PUBLIE LE : 03-05-2011 | 16:34
D.RL'armée fidèle au régime libyen poursuivait hier son offensive à Misrata dans l'est de la Libye en vue de reprendre le contrôle de cette ville des mains des rebelles, appelés vendredi par les autorités à se rendre en échange d'une amnistie, une offre qui a expiré hier des chars des forces loyales au dirigeant libyen, le colonel Maamar El-Gueddafi tentaient d'entrer dans Misrata, à 200 km à l'est de la capitale Tripoli, au lendemain de la mort de six personnes dans cette ville.
Le port de Misrata, essentiel pour l'approvisionnement en armes et en aide humanitaire de la ville dont tous les accès terrestres sont coupés, avait subi un intense bombardement des forces fidèles au régime dans lequel deux rebelles avaient été tués, selon des témoins.

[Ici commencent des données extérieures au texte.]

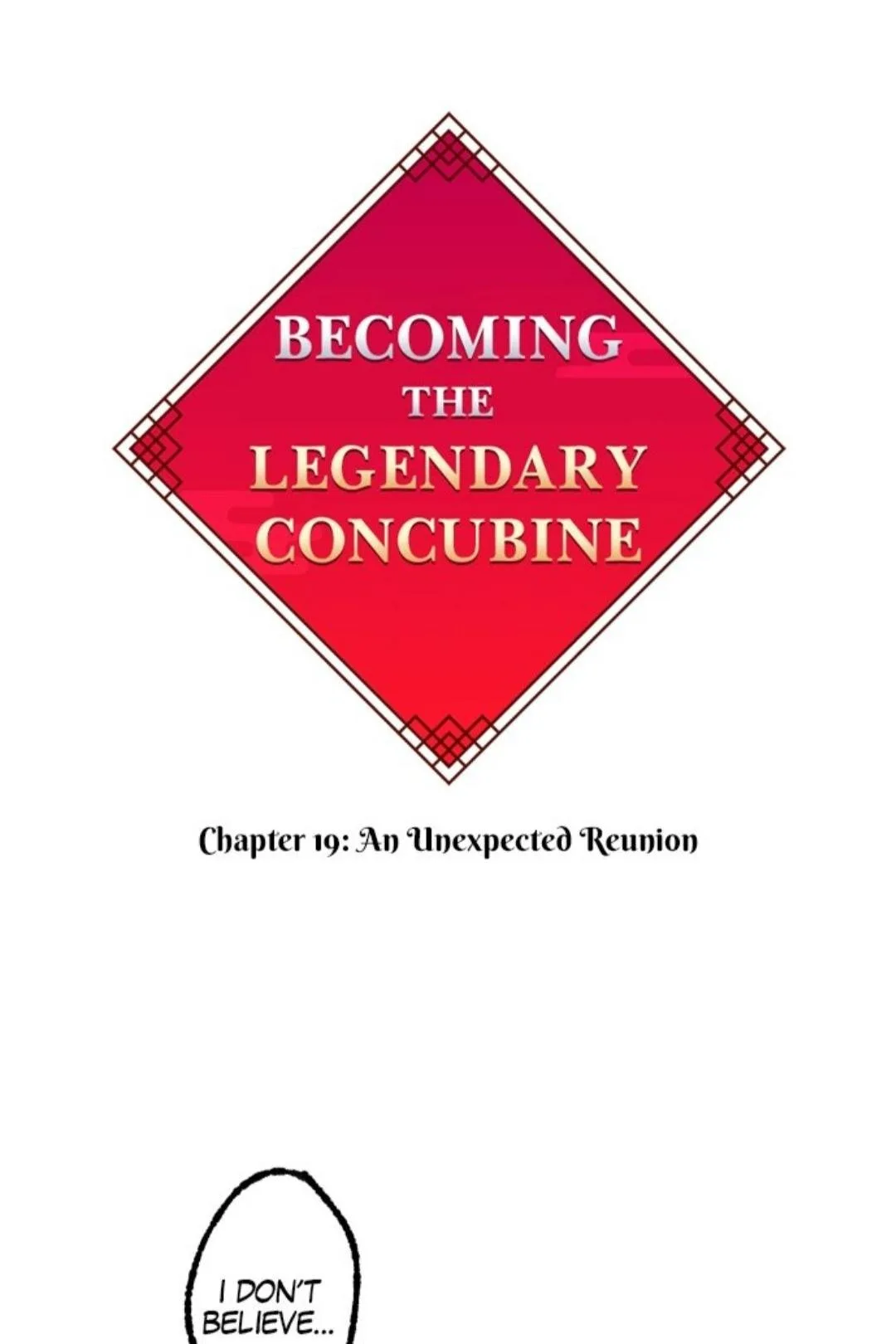 Becoming The Legendary Concubine Chapter 19 page 2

Pour le moment, les rebelles qui réclament depuis la mi-février le départ du colonel el-Gueddafi, n'ont pas réagi à cette offre. Parallèlement aux tentatives du régime libyen de chasser les rebelles de Misrata, assiégée depuis deux mois, l'Otan continuait lundi ses frappes, lancées le 19 mars, notamment à Tripoli en dépit de la condamnation des autorités libyennes d'un bombardement aérien de la coalition qui a tué un des fils du dirigeant libyen.
Seïf al-Arab Maamar El-Gueddafi, 29 ans, le plus jeune des six fils du dirigeant libyen et trois de ses petits-enfants, ont été tués dans la nuit de samedi à dimanche par un raid de l'Otan sur la maison de Seïf al-Arab à Tripoli, selon le gouvernement libyen qui a dénoncé "une tentative d'assassinat" du colonel el-Gueddafi.

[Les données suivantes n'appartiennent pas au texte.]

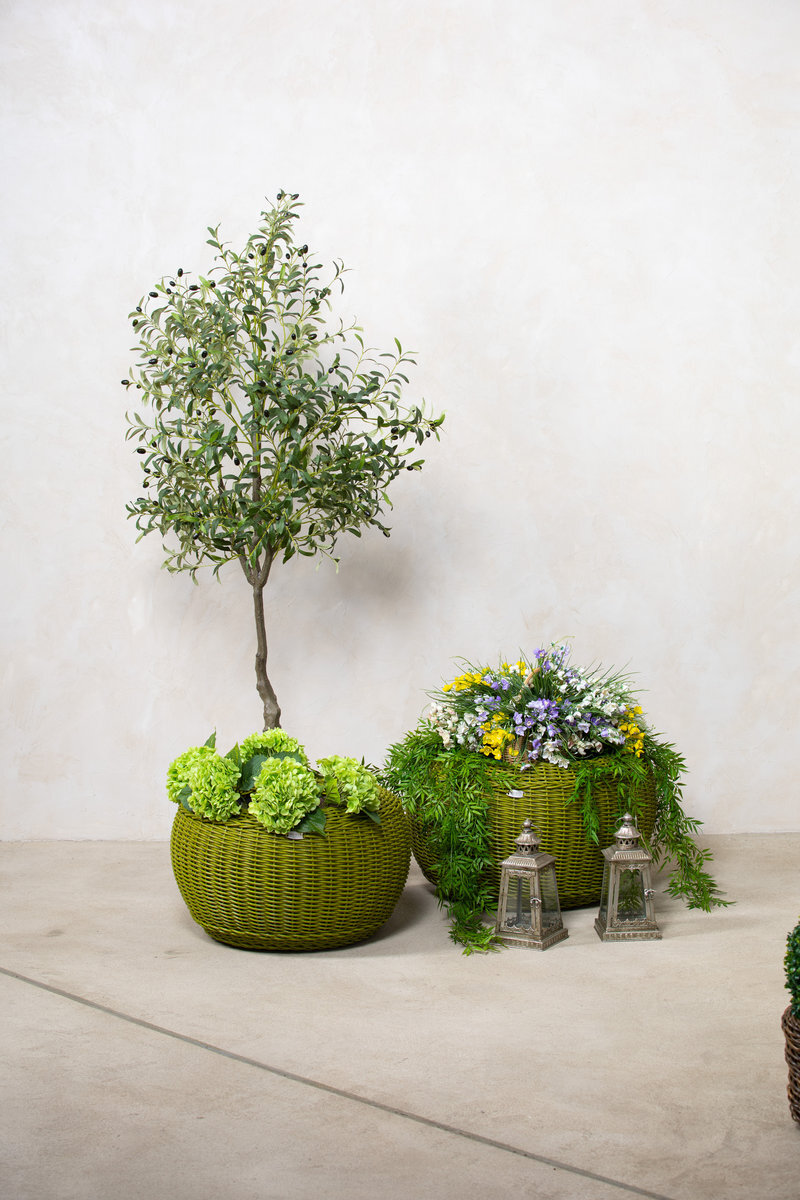 Предметы интерьера ручной работы от Malacca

En réaction aux frappes de l'Otan, la Chine s'est dit lundi "préoccupée" par la mort de civils libyens, après la mort de l'un des fils du colonel el-Gueddafi appelant de nouveau à un cessez-le-feu en Libye.
Selon le porte-parole du ministère chinois des Affaires étrangères, Mme Jiang Yu, la Chine "s'est de tout temps opposée aux actions qui outrepassent l'autorisation du Conseil de sécurité de l'ONU et espère que toutes les parties pourront résoudre la crise par le dialogue et la négociation".
Le 17 mars dernier, lors du vote de la résolution de l'ONU ouvrant la voie aux frappes aériennes occidentales en Libye, la Chine, comme la Russie, autre membre permanent du Conseil de sécurité, s'était abstenue, par crainte de victimes civiles, renonçant à utiliser son droit de veto.
La crise qui prévaut en Libye depuis la mi-février a également suscité la préoccupation du Nicaragua qui, par le biais de son président Daniel Ortega, a condamné les frappes aériennes des forces de l'Otan contre la Libye notamment à Tripoli.